Время от времени ее навещали птицы. Садились на стену, закрывающую обзор, или на электропровода, высматривали струйки воды, подтекающей из труб, убеждались, что воды нет, и улетали. Как-то вечером забежала лисица; зыркнула на Батэль своими хитрыми глазками и исчезла. Иногда мимо шли направляющиеся в шахматный клуб или на автобусную остановку жители квартала. Мужчины кивали ей, а один, тот, что произносил с валуна речь про Ленина и эмансипацию, даже снимал шляпу. Но при этом так улыбался, что было ясно, на какие мысли наводит его вид Батэль.
Но в микву никто не заходил.
Кроме Мошика, посещавшего ее по воскресеньям, средам и пятницам (до наступления Шаббата).
Его приближение она чувствовала за несколько минут до того, как его машина появлялась на улицах Сибири. Тогда она доставала из сумки зеркальце и, коря себя, прихорашивалась. Она встречала его у входа на мужскую половину и отпирала ему дверь. Оба знали, что у него есть свой ключ, но предпочитали об этом не упоминать.
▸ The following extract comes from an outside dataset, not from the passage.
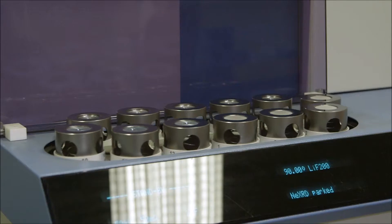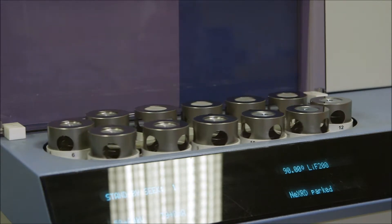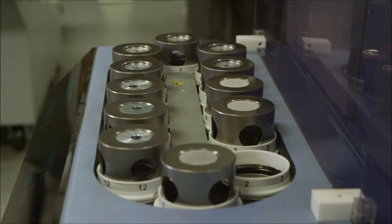We can run XRF analysis on this, and it will tell us what elements are present within our material. This allows us to optimize our materials selection and processing techniques to produce components that last longer and perform better.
Потом она шла на женскую половину. От мужской ее отделяла толстая стена, но в ней была более тонкая дверь аварийного выхода, предусмотрительно поставленная Мошиком, и Батэль прикладывала к ней ухо. Слушала, как он молится, как погружается в воду… Порой ею овладевал соблазн, и она пыталась представить себе его тело, которое помнила совсем молодым. «Интересно, сильно он изменился? У него на груди все тот же нежный пушок? Он сохранил по-юношески литой торс или, как многие отцы семейств, успел нарастить бабьи сиськи? Раньше у него на бедрах были трогательные мелкие прыщики. Их стало больше или они исчезли?»
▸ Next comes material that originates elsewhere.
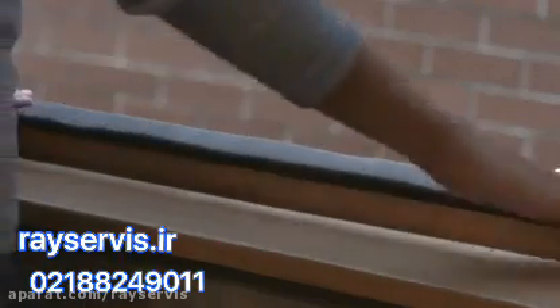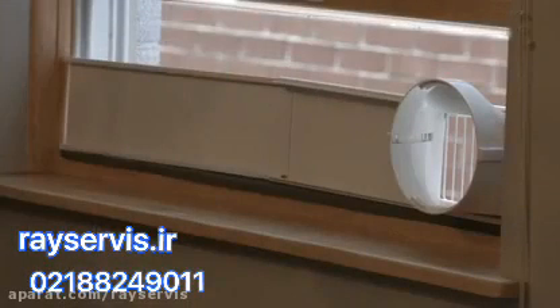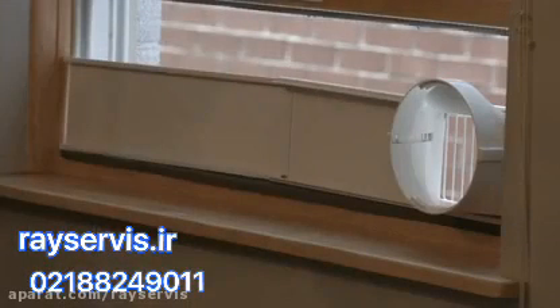Cut foam seal A to fit the length of the window and secure it firmly to the window. Place the window panel on the window sill and secure it with two screws. Attach foam seal B to the top of the window and close the window securely against the panel.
Батэль внушала себе, что тело – это всего лишь инструмент, оболочка, но это не помогало. Ее всем нутром тянуло к нему, и ее тоска впитывалась в каменные стены миквы, и без того разогретые фантазиями строившего ее Мошика и неожиданной эрекцией Антона.
Наконец Бен-Цук выбирался из воды, и Айелет торопливо возвращалась на свой стул перед входом в микву. К ней выходил Бен-Цук. После душа и бритья от него приятно пахло одеколоном. Он не спешил прощаться, а вместо этого брал себе стул и садился рядом. Не слишком близко, но и не далеко. Вечерело, дул прохладный летний ветерок, доносивший слова Мошика до слуха Батэль, и наоборот.
Она расспросила его о детях. Он рассказал об их успехах.
– Старший – вундеркинд. Говорят, будет великим знатоком Торы. А младший – уникум. В годик уже пошел, а в два – попадал мячом в баскетбольную корзину.
– В настоящую? – поразилась она.
– Нет, – улыбнулся он, – в игрушечную. Я повесил ее у него в комнате.
– Какой ты молодец! Я знала, что ты будешь прекрасным отцом, – восхитилась она, но он молчал и разглядывал свои ботинки. – Я, кстати, тоже играла в баскетбол, – добавила она, чтобы прервать затянувшуюся паузу.
– Где? С кем? – Теперь уже изумился он.
– В Бруклине, в спортивном центре, с женщинами.
Оба вспомнили, как познакомились в кибуце, когда он повел ее играть в баскетбол с парнями: он – ее облегающую майку, она – как он весь матч отдавал ей передачи.
– Ну и как? – спросил он. – Хорошо американки играют?
– Хорошо. Правда, норовят солировать. Приходилось обучать их командной игре.
– Представляю себе, – засмеялся он и тут же принялся опасливо озираться.
Она тоже. В Городе праведников они бы не посмели так сидеть. Злые языки моментально пустили бы слух. Но здесь, в далекой Сибири, их никто не знал, и тот факт, что они сейчас почти слились душами, никого не волновал.
– По правде говоря, я далеко не идеальный отец, – признался Мошик.
«В одном он не изменился, – подумала Батэль. – Раньше тоже постоянно перескакивал с темы на тему».
– Идеален только Всевышний, – утешила его она.
Но он не принял ее утешения.
– Не знаю… Как будто я им чужой… – тихо произнес он и опустил глаза. – Между нами… как будто пропасть… Особенно с одним…
– Что значит «пропасть»? Что ты имеешь в виду? – спросила она, в первый раз посмотрев ему прямо в глаза.